Maize response to different water, salinity and nitrogen levels: agronomic behavior

Document Type: Research Paper


Irrigation Department, Shiraz University, Shiraz, I.R of Iran.


Soil water, salinity and nitrogen content are three major factors affecting crop

production in arid and semi-arid areas. This study was performed in two years of

2009 and 2010 in a semi-arid area in order to investigate the effects of irrigation

water quantity (as main plot), quality (saline water, as sub-plot), nitrogen fertilizer

(as sub-sub plot) and their interactions on growth and yield of maize hybrid SC-

704. The experimental design was split plot with three replications. Irrigation

treatments consisted of I1 (1.0 crop evapotranspiration (ETc) + 0.25ETc as

leaching), I2 (0.75I1) and I3 (0.5I1) applied at 7-day intervals. The salinity

treatments were 0.6 (fresh water), 2.0 and 4.0 dS m-1. There were also three

nitrogen (N) treatments including 0, 150 and 300 kg N ha-1. The results showed

that maize under water and salinity stress had longer vegetative stage period by 11

and 16% compared to the control, respectively. The most sensitive trait under

water, salinity and nitrogen stress was grain yield (GY) which reduced by 52.3,

25.2 and 28.0%, for treatments of 0.5I1, 4.0 dS m-1 and 0 kg N ha-1, respectively.

Based on water productivity (WP), applied water is more efficient for GY

production under lower irrigation and N fertilizer usage. Grain yield surface

function approached a maximum under I2 and I1 treatments in response to

increasing water and N levels.

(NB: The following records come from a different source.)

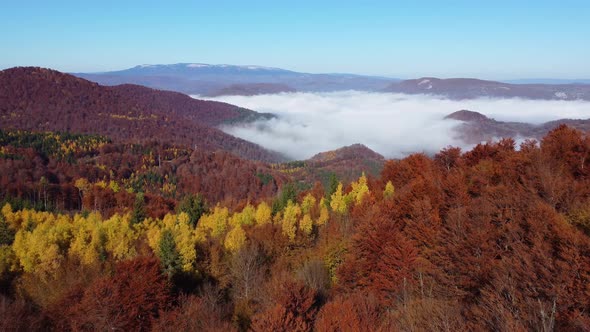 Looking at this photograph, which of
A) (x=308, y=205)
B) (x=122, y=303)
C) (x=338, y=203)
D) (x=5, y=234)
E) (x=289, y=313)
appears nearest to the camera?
(x=289, y=313)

The contour plots of GY were developed at each

salinity level and showed that it could be a useful management device of irrigation

and N for maize GY. Based on nitrogen use efficiency (NUE) and nitrogen

recovery (NR), the N application rate of 150 kg ha-1 was the optimum rate for the

study region especially under saline water conditions. Further, interaction result of

the experimental factors showed that with adequate or limited fresh water supply,

application of higher N rate (300 kg ha-1) yielded higher GY. While under saline water application, lower N rates (150 kg ha-1) was appropriate management for

optimum maize GY with sufficient/non-sufficient irrigation. Furthermore, the

threshold values of soil saturation extract, 50% GY reduction, and yield reduction

coefficient of maize showed that in general maize did not tolerate salinity better

under higher N application rate (300 kg ha-1), although in some cases its sensitivity

to salinity decreased by increasing N application rate.

Keywords: Agronomic response; Maize; Nitrogen; Saline water; Salinity indices.